HONG KONG.- M+, the new museum of visual culture of the
West Kowloon Cultural District, announces the acquisition of two works by Tiffany Chung from her series, the unwanted population, The Vietnam Exodus Hong Kong chapter (1975-2000).
HKSAR statistics on yearly arrivals and departures of V-refugees from 1975-1997, 2016. Acrylic, ink, and oil on vellum and paper, 79 x 100 cm (31 x 39 ½ in.
flotsam and jetsam, 2015-2016. Watercolor, ink, acrylic, vinyl, plexiglass, video and text28 works on paper, 40 text pieces on plexiglass panels, videos and text on electronic tablets. Dimension of 28 paintings: 30 x 42 cm (11 ¾ x 16 ½ in.); dimensions of 40 text pieces variable; dimensions of tablets: 15 x 26 cm (6 x 10 ¼ in.) [painting Illustrations by Ho Hung, Le Nam Dy, Nguyen Van Du, Nguyen Kim To Lan]
These purchases were made possible by the Brown Family Annual Acquisition Fund.
Tiffany Chung was born in Vietnam and continues to live and work there. Her work was most recently featured in the Venice Biennale's curated exhibition, All the Worlds Futures in the Arsenale. There, she showed an installation of 40 map-based drawings relating to the ongoing crisis in Syria. Her documentation of the Syrian conflict and refugee crisis parallels her ongoing investigation of the post-1975 mass exodus of refugees from Vietnam, of which she herself was a part.
Now in its third year, the Brown Family Annual Acquisition Fund was conceived in 2014 to facilitate acquisitions of contemporary art for the M+ collection over a ten-year period. Each year during Art Basel in Hong Kong, a work (or works) with a total price not exceeding HKD 500,000 is selected for the M+ collection.
The selection process is carried out by a jury committee consisting of M+ curators and two outside jurors. The 2016 jury committee comprised Tina Pang, Curator, Hong Kong Visual Culture, M+, with outside jurors Mami Kataoka, Chief Curator, Mori Art Museum, Tokyo, and Reto Thüring, Curator of Contemporary Art, Cleveland Museum of Art.

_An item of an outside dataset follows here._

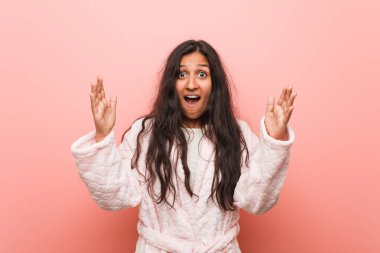 Pijama giyen genç Hintli kadın hoş bir sürpriz alıyor, heyecanlı ve el kaldırıyor..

The cornerstone of the ambitious West Kowloon Cultural District Project, M+ is Hong Kongs new museum for visual culture, encompassing 20th and 21st-century art, design and architecture, and moving image from Hong Kong, China, Asia, and beyond. In the run-up to the official opening of M+ in 2019, the museum has been consistently building its collection, which currently houses over 4,000 works, as well as presenting diverse public programmes and exhibitions. The Brown Family Annual Acquisition plays an integral role in the continued growth and development of the M+ collection.
Said Rosamond Brown, I established the Brown Family Annual Acquisition Fund to support the M+ Museum's ambitions to build a world class collection for Hong Kong. I very much hope that others will be inspired by and follow my example. This year the jury selected a work with great historical significance, from a time that I lived through. Art Basel Hong Kong goes from strength to strength and I look forward to supporting M+ in their acquisitions next year.
Doryun Chong, Acting Director of M+, added, Tiffany Chung's, HKSAR statistics on yearly arrivals and departures of V-refugees from 1975-1997, and flotsam and jetsam, are powerfully affecting works that have grown out of the artist's long-term research with the history, geography, and lived experiences of former Vietnamese refugees in Hong Kong, as well as a new generation of artists in Vietnam who have not been taught the painful past of their nation's history. It is an important topic that should be remembered, and Chung's approach handles it with grace, thoughtfulness, and commitment. Her works remind us how art can be a crucial document of, and witness to forgotten histories. We are honoured to have her works in the M+ Collection.
Reto Thüring, Curator of Contemporary Art, Cleveland Museum of Art, said, The quality of Tiffany Chung's work lies in the way it addresses issues of the past, but it is as impressive in the way it relates to current developments.
Tiffany Chungs new research-based work 'The Vietnam Exodus' represents the important political and historical relationship between Southeast Asia and Hong Kong, while also echoing the recent humanitarian crisis in Europe, said Mami Kataoka, Chief Curator, Mori Art Museum. In inviting a group of young artists in Vietnam who have been less exposed to the history of their own country, the artist also plays a part in ensuring that their collective memory will be passed on.
In 2015, the fund was used for the acquisition of the painting S. S. Rajputana leaving the port of Bombay 29th August 1931 by the contemporary Indian artist Atul Dodiya.